The first major English translation of the final book in the expansive and essential “Celia” series by Elena Fortún.
Set during the Spanish Civil War (1936–39), Celia in the Revolution is the last in a series of young adult novels written by Encarnación Aragoneses, known by the pen name Elena Fortún, one of the most prolific and popular Spanish authors of the mid-twentieth century.
In a series of more than twenty novels, Fortún’s protagonist is Celia Gálvez de Montalbán, a precocious and rebellious girl from an affluent family who’s not afraid to question authority and dream, and that often gets her into trouble. Readers watch her grow from age seven through adolescence to the threshold of womanhood at seventeen, which is her age in this dark, inspiring novel about the war that changed Spain.

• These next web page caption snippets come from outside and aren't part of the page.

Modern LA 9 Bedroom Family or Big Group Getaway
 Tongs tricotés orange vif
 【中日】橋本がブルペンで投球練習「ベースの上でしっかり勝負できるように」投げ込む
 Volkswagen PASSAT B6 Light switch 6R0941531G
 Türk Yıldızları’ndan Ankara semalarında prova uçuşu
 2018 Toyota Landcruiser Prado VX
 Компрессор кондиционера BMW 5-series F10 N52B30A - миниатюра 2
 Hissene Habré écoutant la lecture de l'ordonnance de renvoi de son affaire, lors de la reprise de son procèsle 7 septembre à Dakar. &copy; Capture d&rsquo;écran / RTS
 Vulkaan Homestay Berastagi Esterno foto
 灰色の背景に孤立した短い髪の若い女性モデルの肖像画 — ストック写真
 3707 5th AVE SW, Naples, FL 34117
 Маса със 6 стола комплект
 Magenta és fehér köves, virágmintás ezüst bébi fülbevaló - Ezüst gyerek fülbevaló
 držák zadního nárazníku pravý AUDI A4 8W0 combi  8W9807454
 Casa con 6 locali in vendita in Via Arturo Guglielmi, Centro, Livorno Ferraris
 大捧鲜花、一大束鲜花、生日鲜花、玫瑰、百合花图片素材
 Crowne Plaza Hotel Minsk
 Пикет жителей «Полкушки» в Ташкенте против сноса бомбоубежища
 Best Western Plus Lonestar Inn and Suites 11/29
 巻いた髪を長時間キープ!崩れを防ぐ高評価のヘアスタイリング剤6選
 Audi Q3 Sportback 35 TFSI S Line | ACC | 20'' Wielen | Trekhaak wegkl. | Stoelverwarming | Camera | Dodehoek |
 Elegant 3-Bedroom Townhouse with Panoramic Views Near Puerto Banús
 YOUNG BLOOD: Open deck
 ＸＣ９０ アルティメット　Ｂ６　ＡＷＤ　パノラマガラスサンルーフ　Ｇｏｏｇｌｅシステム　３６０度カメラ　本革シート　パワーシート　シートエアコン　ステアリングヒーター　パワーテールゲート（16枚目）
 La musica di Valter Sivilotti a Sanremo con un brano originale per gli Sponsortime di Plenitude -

In this last narrative in the legendary series, Celia has an awakening that not even her lively imagination could have anticipated. The once carefree, innocent child prone to playful fantasies must suddenly confront a world that’s utterly changed, finding herself amid a bloody conflict, la Guerra Civil. Celia, now a madrecita, a little mother to her two younger sisters since the death of their mother, is forced into a life of hardship, a world of hunger, witness to violence, executions, bombing raids, and death. With Celia’s sorrows come her courageous and profound compassion, consoling and caring for virtually every war victim that crosses her path, no matter their political inclinations, and no matter all that Celia must contend with herself. Celia, despite all her travails, manages to survive with determination, defiance, and dignity.
Written immediately after the war, Celia in the Revolution was not published during Elena Fortún’s lifetime, until after the death of the dictator, Francisco Franco, due to censorship. This first major English translation by eminent scholar and Hispanist Michael Ugarte captures the narrative and nuances of Celia’s voice and others in this character-rich novel, and fellow eminent scholar and Hispanist Nuria Capdevila-Arguëlles’s preface brings powerful insights into this remarkable work by Elena Fortún that transcends young adult literature.